─── EXERCISE INPUTS

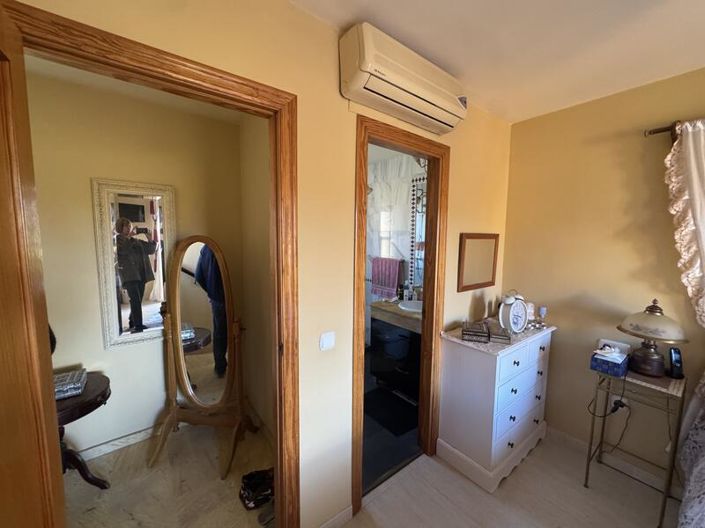 Image No.43-3 Bed Townhouse for sale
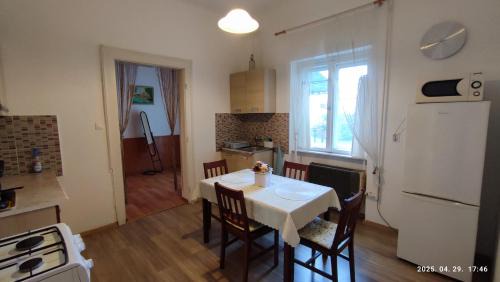 Gyula Apartment | Top-Rated ENZO Apartman Gyula with Family-Friendly Amenities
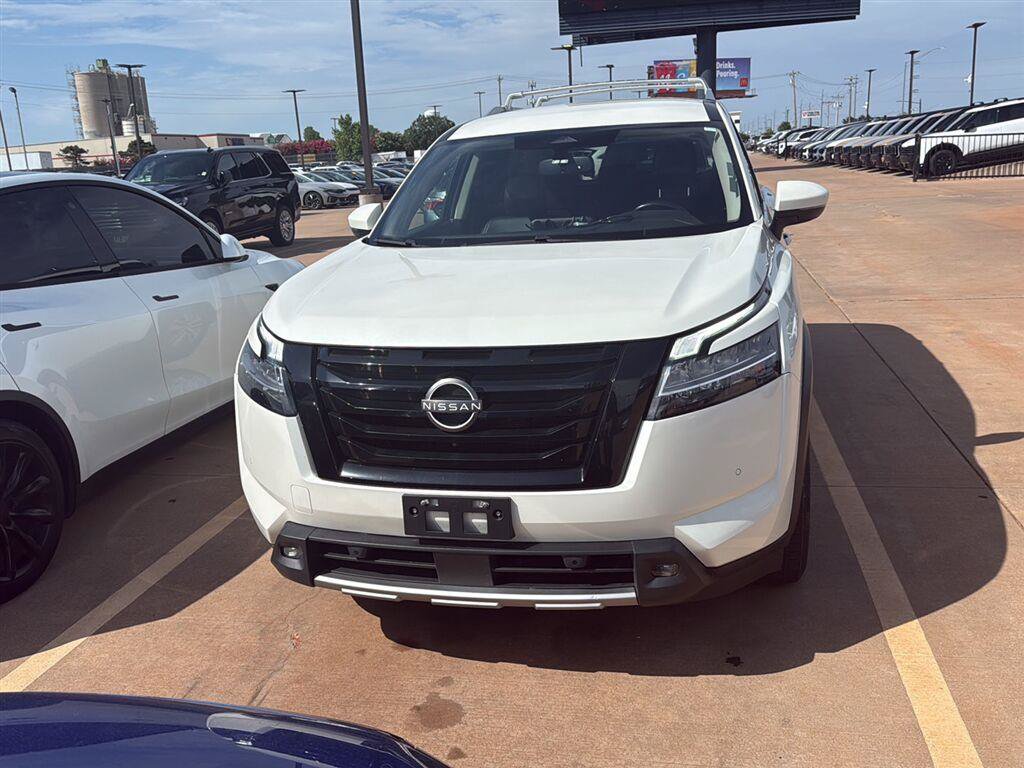 Used 2022 Nissan Pathfinder SL w/ SL Black Package AWD/4WD image 9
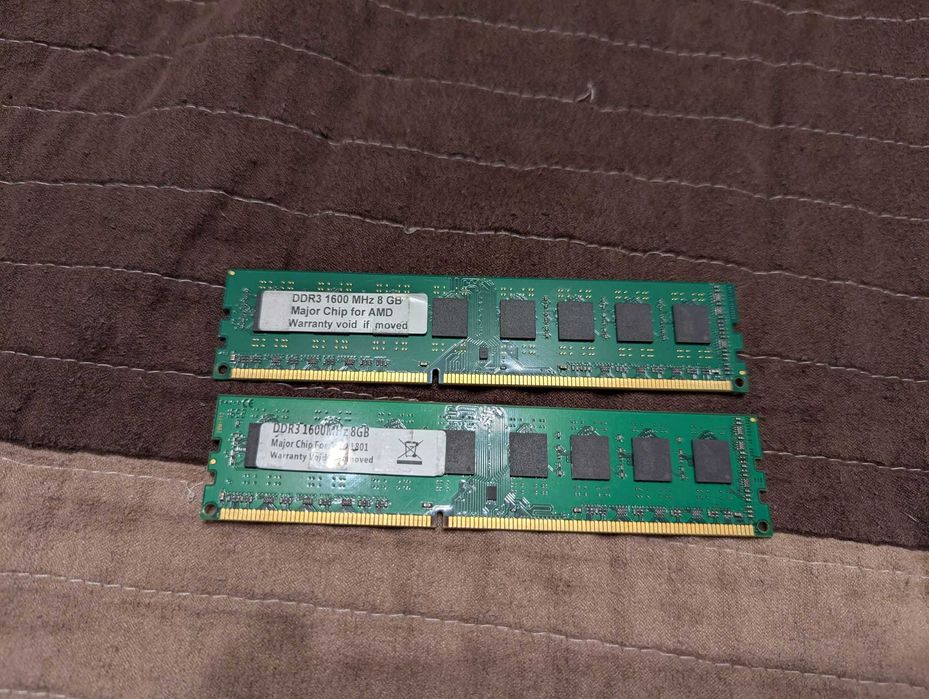 AMD Kit Memorie RAM 16GB DDR3 (2x8GB)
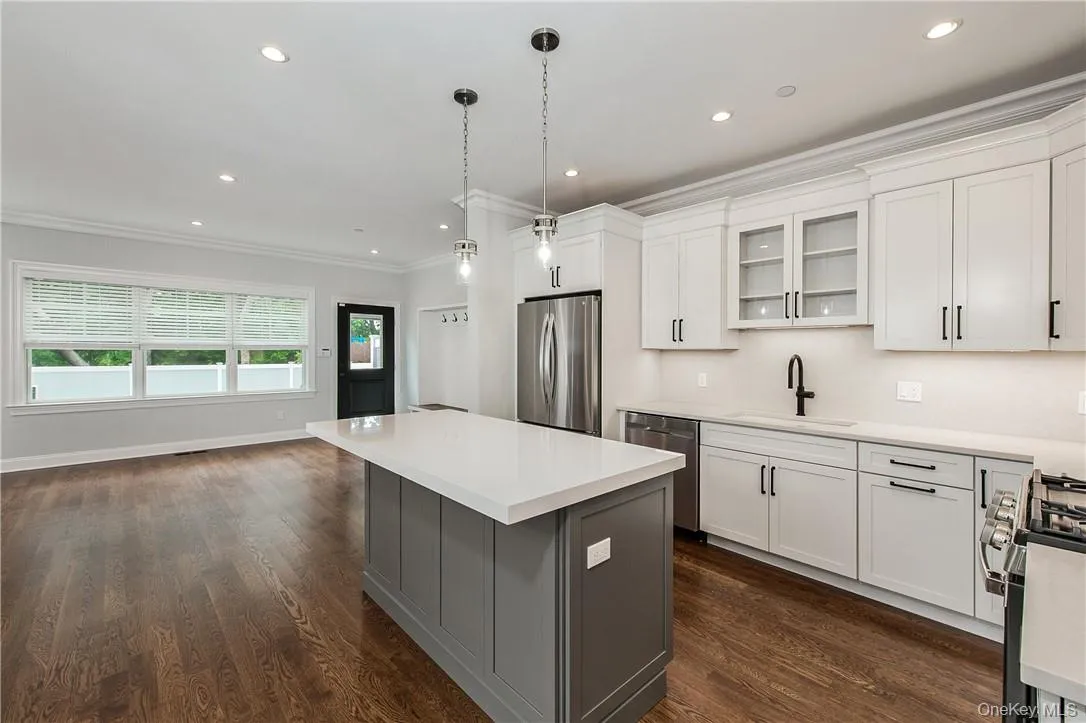 CUSTOM KITCHEN CABINETS WITH QUARTZ COUNTERTOPS CUSTOM KITCHEN CABINETS WITH QUARTZ COUNTERTOPS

──────

## EXERCISE OBJECTIVE
What is needed is a word-for-word copy of the records above, excluding pictures.

## ANSWER TO THIS TASK
 Image No.43-3 Bed Townhouse for sale
 Gyula Apartment | Top-Rated ENZO Apartman Gyula with Family-Friendly Amenities
 Used 2022 Nissan Pathfinder SL w/ SL Black Package AWD/4WD image 9
 AMD Kit Memorie RAM 16GB DDR3 (2x8GB)
 CUSTOM KITCHEN CABINETS WITH QUARTZ COUNTERTOPS CUSTOM KITCHEN CABINETS WITH QUARTZ COUNTERTOPS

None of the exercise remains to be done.